January 2018 Western United States floods
- Date: January 8, 2018
- Location: Western United States;
- Type: flood
- Cause: rain after drought
- Deaths: 21 (in California)
- Injuries: 163 (in California)
- Missing: 2 (in California)
- Property damage: >$207 million (2018 USD) 65 residences destroyed, 462 residences damaged, 8 commercial buildings destroyed, 20 commercial buildings damaged (all in California)

= January 2018 Western United States floods =

Natural disaster in the United States

The January 2018 American West floods occurred due to heavy precipitation in the Western United States. While wildfires in Southern California exacerbated the rain's effects there, other states, like Nevada, also experienced flooding.

==Effects==
Gusts as high as 75 mph, hurricane-force, were reported, and scattered power outages were expected. The storm brought much-needed rain to places in the desert like Las Vegas and Phoenix—with the risk of flash floods. Also, mountain snow was expected throughout the area, even into Canada, providing much-needed replenishment to snowpacks.

===California===
18 in of snow was reported on Mammoth Mountain.

The heavy rains caused flooding and mudflows in regions burned by recent wildfires, killing at least 23 people.

===Nevada===
Cities like Las Vegas experienced heavy flooding. Roads and highways underwater lead to road closures. At least two people had to be rescued from a flooded highway in Las Vegas. 6–12 in of snow were expected in the mountain of southern Nevada, causing winter warnings to be issued.

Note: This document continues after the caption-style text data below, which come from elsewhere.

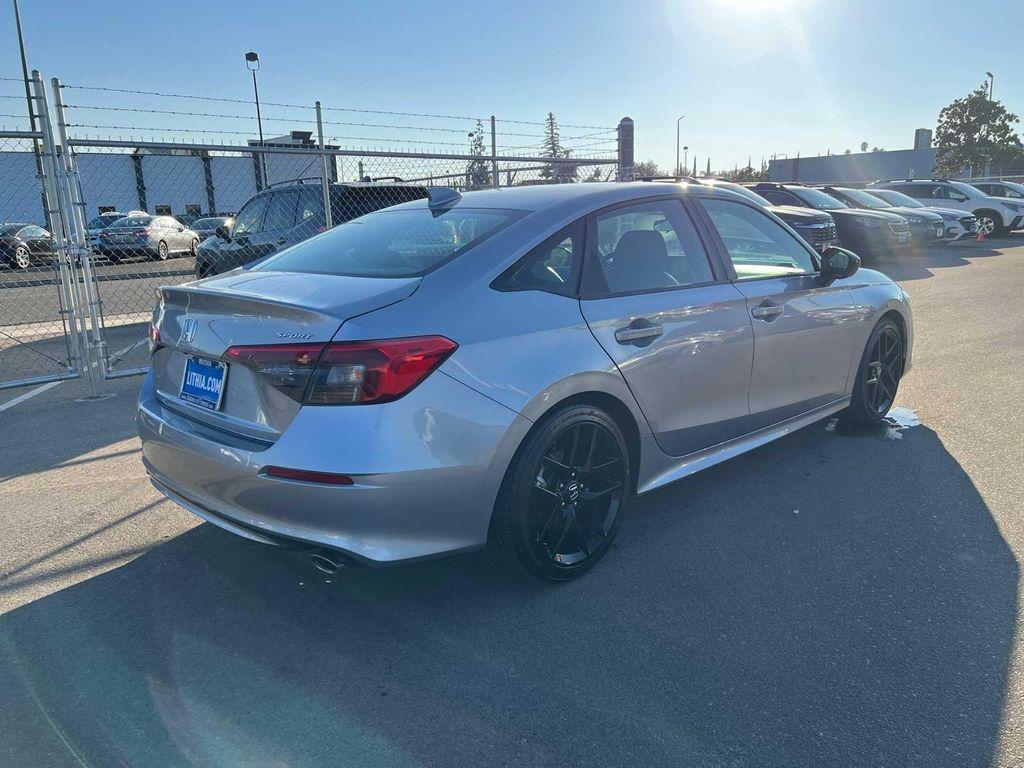 used 2024 Honda Civic car, priced at $24,795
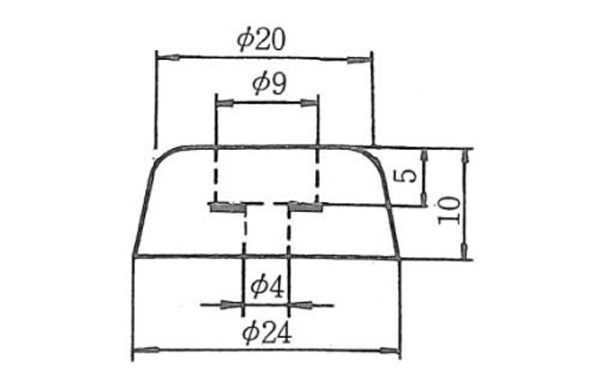 ゴム脚（Ｗ入　ＵＣＫー２４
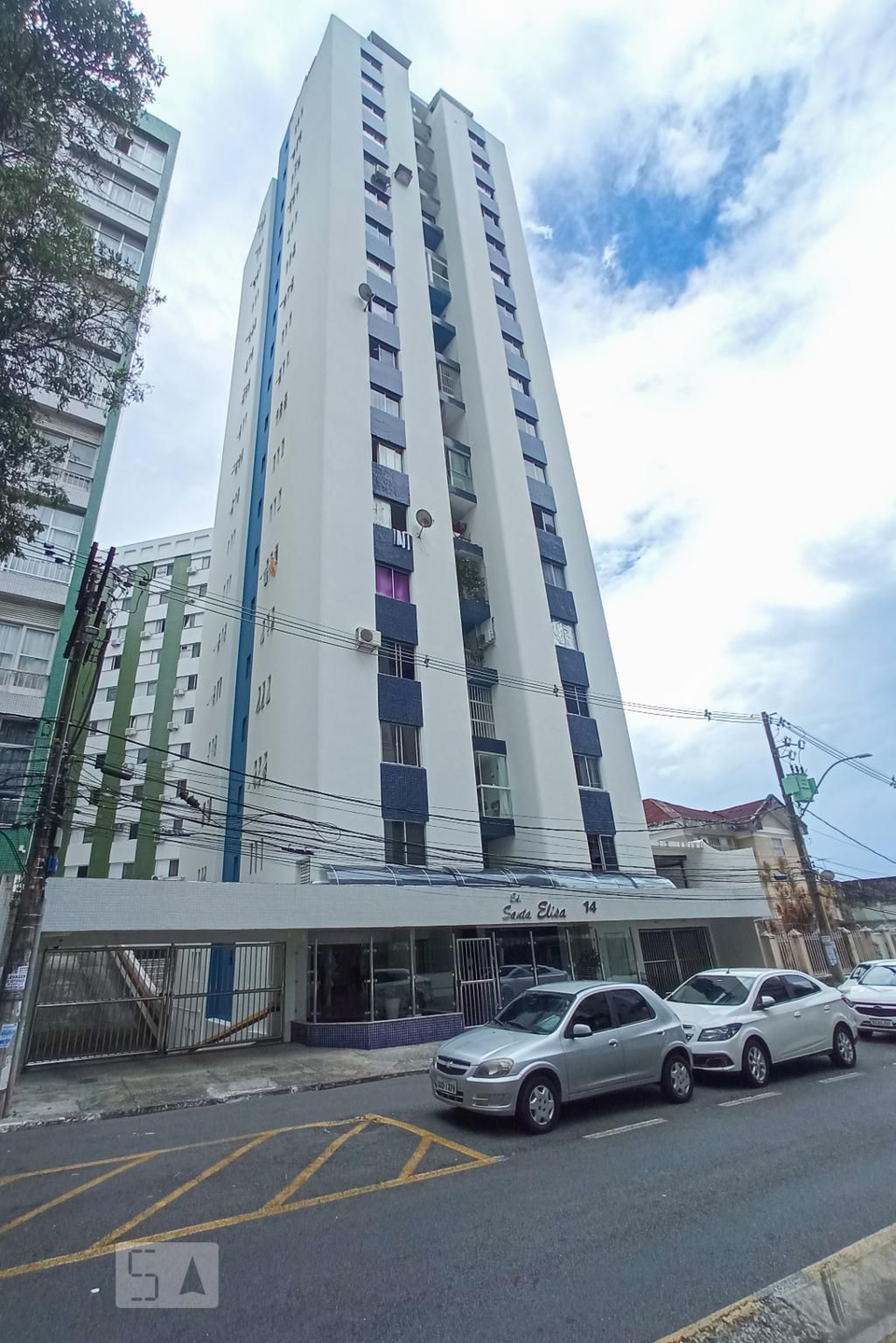 Fachada Edifício Santa Elisa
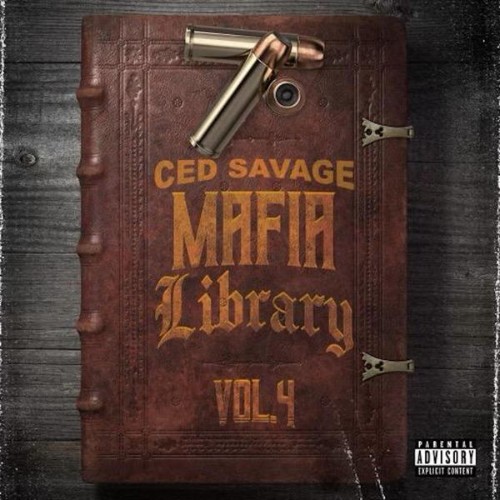VA - Ced Savage - Mafia Library Volume 4 (2022) (MP3)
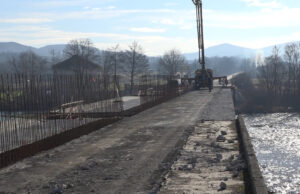 Intenzivni radovi na mostu u Čaplju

===Oregon and Washington===
The Portland area experienced heavy flooding, which interfered with transportation. In addition, the Northwest Avalanche Center issued a high danger warning for much of the mountainous areas of Oregon and Washington, excluding ski areas, as 4–8 in of snow were expected. 2 in of rain, as well as tropical storm-force wind gusts as high as 60 mph, were expected on the Oregon coast.